Validation of clinical control in COPD as a new tool for optimizing treatment
Received 25 June 2018
Accepted for publication 12 October 2018
Published 14 November 2018 Volume 2018:13 Pages 3719—3731
Checked for plagiarism Yes
Review by Single anonymous peer review
Peer reviewer comments 3
Editor who approved publication: Dr Richard Russell
Juan José Soler-Cataluña,1,2 Maribel Marzo,3 Pablo Catalán,1 Cristina Miralles,1 Bernardino Alcazar,2,4 Marc Miravitlles2,5
1Pneumology Department, Hospital Arnau de Vilanova, Valencia, Spain; 2CIBER of Respiratory Diseases (CIBERES), Spain; 3Emergency Department, Hospital General de Requena, Valencia, Spain; 4Respiratory Department, Hospital de Alta Resolución de Loja, Granada, Spain; 5Pneumology Department, University Hospital Vall d’Hebron/Vall d’Hebron Research Institute (VHIR), Barcelona, Spain
Background: It has recently been proposed that the concept of clinical control in COPD may be useful for deciding treatment in COPD, but the original control criteria (OCC) were considered too restrictive.
Objective: Define and subsequently validate “modified” control criteria (MCC) of COPD.
Method: Prospective observational study in COPD patients with a 1-year follow-up. Control was defined as the presence of low clinical impact and clinical stability.
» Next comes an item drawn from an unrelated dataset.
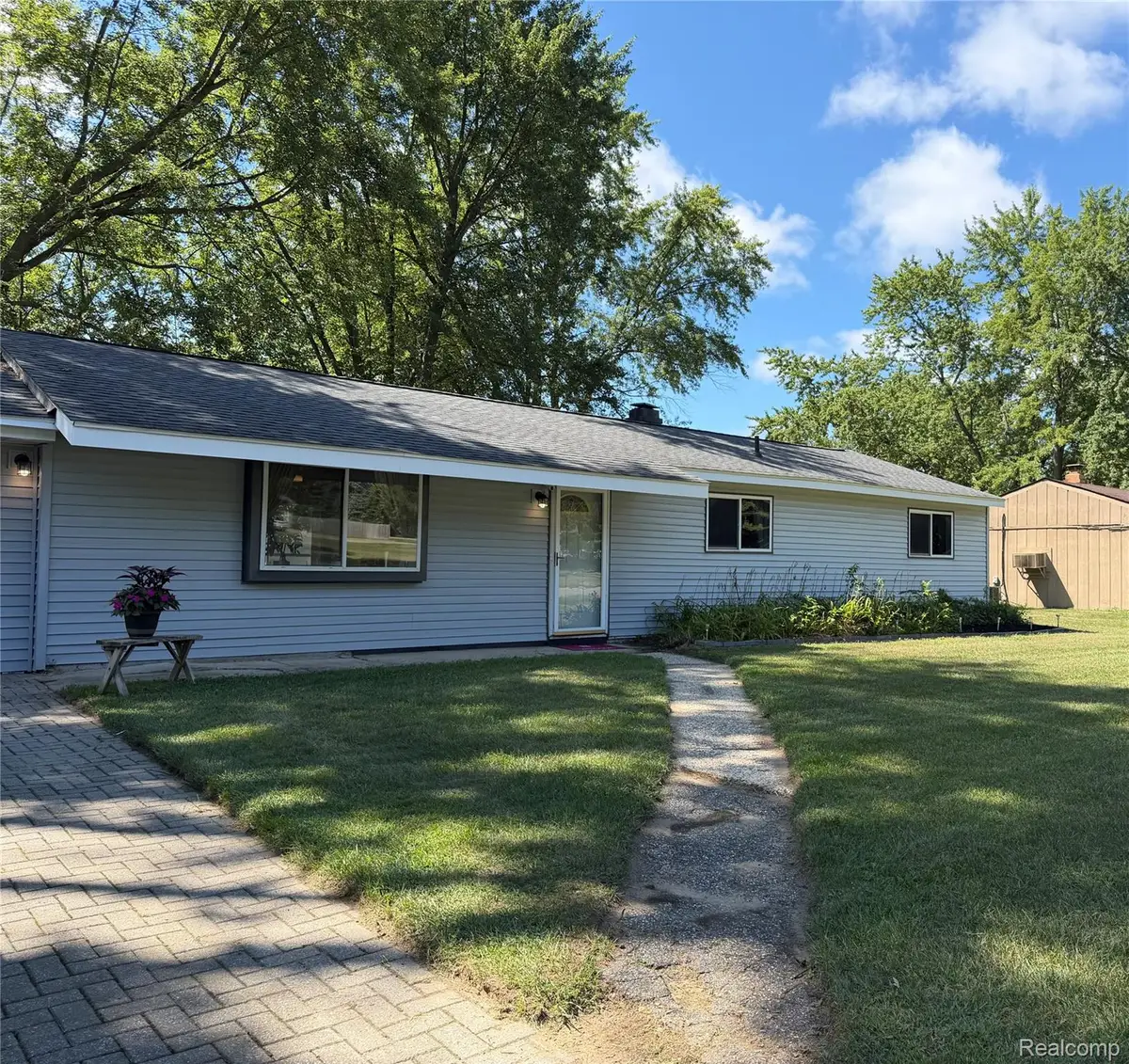 4845 Pelton Road, Clarkston, MI 48346 - #1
To evaluate clinical impact, the following clinical parameters were assessed: the degree of dyspnea, use of rescue medication, physical activity, and sputum color. Stability was assessed by clinical changes and exacerbations in the last 3 months. The COPD assessment test score and their changes were also evaluated as alternative control criteria. To define the MCC, adjustment for disease severity using BODEx index (MCC-B) or FEV1 (MCC-F) was evaluated, and the best cutoff point was established. Time to first combined event (emergency visit, hospitalization, or death) was analyzed to evaluate the predictive capacity of risk of the OCC, MCC-B, and MCC-F.
Results: We included 265 patients, 224 (83.9%) men, with a mean age (±SD) of 68±9 years and FEV1 of 58%±17%. The proportion of controlled patients was higher using clinical MCC-B or MCC-F (61.5% and 59.6%) than OCC (27.5%). Similar percentages were found using COPD assessment test scores. The time to the first combined event was significantly greater in controlled patients using MCC criteria (P<0.001, all cases). The predictive capacity of risk was similar in MCC-B (c-statistic [C]=0.639) and MCC-F (C=0.637) and higher than OCC (C=0.589).
Conclusions: The new MCC identified a higher number of controlled COPD patients. These patients have a better quality of life and lower risk of poor outcomes. The concept of control and the new MCC could be a useful tool to optimize therapy.